Erginlik çağına ulaşmamış çocuklar Allah katında namazla yükümlü
değildir. Ancak temyiz yeteneği gelişmiş çocuk namaz kılarsa bu geçerlidir.
Hz. Peygamber’in, çocukların yükümlülük çağına gelmeden önce namaz
disiplinini kazanmış olmalarını sağlamayı hedefleyen hadisi (Ebû Dâvûd,
“Salât”, 26; Müsned, II,180,187) gereğince, çocuk yedi yaşına gelince velisi
tarafından yavaş yavaş namaza alıştırılır; on yaşına ulaştığında bunun
üzerinde biraz daha fazla durulması, hattâ hafif zorlayıcı ve disiplin sağlayıcı
tedbirlere başvurulması gerekir. Pek tabiidir ki, bu hususta söz konusu görev
ve yükümlülük, büluğ çağına ulaşmamış çocuğa değil, velisine yöneliktir.
Nitekim “Ailene namazı emret; kendin de ona sabırla devam et” (Tâhâ
20/132), “Ey iman edenler! Kendinizi ve ailenizi cehennem ateşinden
koruyun” (et-Tahrîm 66 /6) meâlindeki ayetler de bu konuda velinin görevli
ve yükümlü bulunduğunu açıkça ortaya koymaktadır.
Akıl
Dinî yükümlülüklerin söz konusu olabilmesi için, kişinin aklî melekelerinin
yerinde olması (temyiz gücüne sahip bulunması) şarttır.

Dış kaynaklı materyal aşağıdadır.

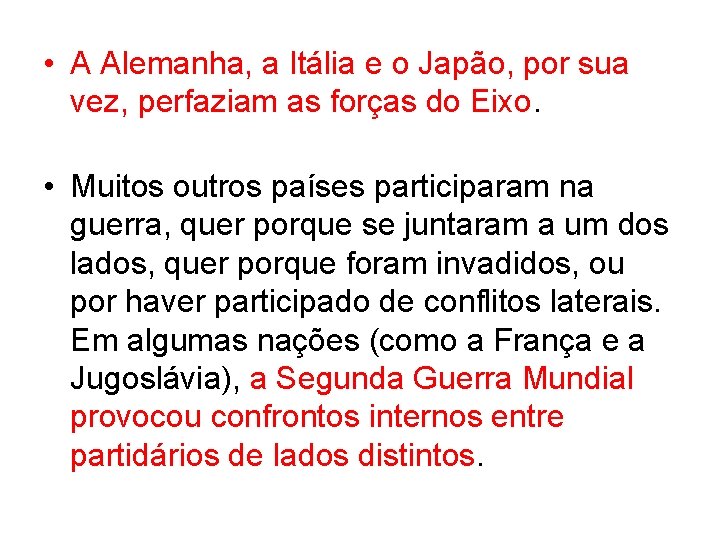  • A Alemanha, a Itália e o Japão, por sua vez, perfaziam as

Aklî melekeleri
yerinde olmayan kişiye mecnun (deli) denir ki, günümüzde bu akıl hastası

terimi ile ifade edilmektedir. Akıl hastalığı sürekli olduğu gibi kısa süreli de
olabilir. Kısa süreli baygınlık hali, uyku gibidir; bayılan kişi bu hal geçince
kılamadığı namazları kazâ eder. Uzun süreli baygınlık hali ise namaz
yönünden kısa süreli akıl hastalığı gibidir. Uyuyan kişiden namaz
yükümlülüğü düşmez. “Bir namazı uyku veya unutma sebebiyle vaktinde
kılamayan kimse, onu hatırladığı zaman kılsın” (Ebû Dâvûd, “Salât”, 11)
anlamındaki hadis, uyuyan kişinin uykuda geçen namazlarını ve unutanın
unuttuğu namazları kazâ etmesi gerektiğinin açık bir delilidir. Kadınlar hayız
ve nifas hallerinde ne edâ ne de kazâ yoluyla namaz kılmakla mükellef
değillerdir. Aksine bu dönemlerinde namaz kılmaları haramdır.